Early Friday, the Norwegian Nobel Committee will announce this year's Nobel Peace Prize winner. Whoever it is, the choice is sure to generate controversy. After all, Peace Prize winners are not timid folks content with the status quo. They are people of action whose bold ideas blatantly challenge existing powers.
Predictably, the controversy will come in several flavors. Some will say the winner has not done enough to deserve the distinction. Others will complain that the decision by the Nobel Committee, appointed by the elected Norwegian Parliament, is politically motivated. A few will criticize the choice as not conforming to Alfred Nobel's will.
In our own back yard, whether the announcement is controversial will depend in large part upon how familiar we are with the winner. Announce Barack Obama, and almost everyone will have an opinion. Announce Tawakkol Karman, and almost everyone will say, "Who?"
And some will say, "Who cares?" That's a good question. Why should we in Minnesota care who wins the Nobel Peace Prize, or in fact, whether anyone wins it at all?
The answer is threefold. First, the Peace Prize has been a bellwether for distant issues highly likely to affect us in the future. Although we might not have known Karman when she was announced last year, this young "mother of the revolution" is the face of millions who are rising up against repressive regimes and demanding, to their personal peril, greater democracy. The Arab Spring, with its unevenness and unpredictability, has and will cause us to recalibrate our policy, trade and military decisions for the next many years.
This bellwether aspect also pertained in 2007. Regardless of what we thought then about Al Gore and the Intergovernmental Panel on Climate Change, aid agencies and the U.S. military alike are now engaged in scenario planning related to the destabilization of populations triggered by climate change. Minnesota, as home to agribusinesses widely known (Land O'Lakes) or locally known (farm owner Bob Anderson of Redwood County), will be directly affected by the science and politics of this issue.
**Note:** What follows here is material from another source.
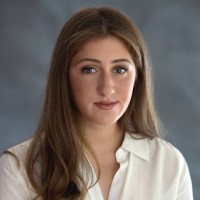 Sonya Ribner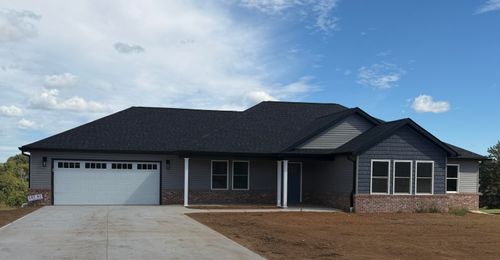 101 Lone Oak, Somerset, KY, 42503 | Card Image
In addition to the bellwether phenomenon, the Nobel announcement predictably triggers a useful snapshot of differing views and values. The 2010 announcement of Chinese dissident Liu Xiaobo was greeted positively, but not in China. The 1991 selection of Burmese leader Aung San Suu Kyi was greeted positively, but not in Burma. While the explanations behind these reactions are rather obvious, reactions to other winners are more complex. In a small world, it's fairly important to know who agrees -- or disagrees -- and why.
Finally, there's a more personal reason for Minnesotans to care who wins the Nobel Peace Prize. In times when we are fatigued by political diatribes, economic challenges and personal issues, it is uplifting to know there are people in the world who see something amiss, envision a different reality, and risk life and reputation to advance the ball. Through their ideas and their work, winners such as Norman Borlaug (the Green Revolution), Karman (political rights), and Muhammad Yunus (microcredit) have fundamentally altered our notion of what the human experience is and can be.
As the world's most exclusive club expands by one, it will be inspiring for the rest of us to contemplate just how much the world is changed by the actions of a few.
Maureen K. Reed is the executive director of the Nobel Peace Prize Forum, which is hosted by Augsburg College in partnership with the University of Minnesota Humphrey School of Public Affairs.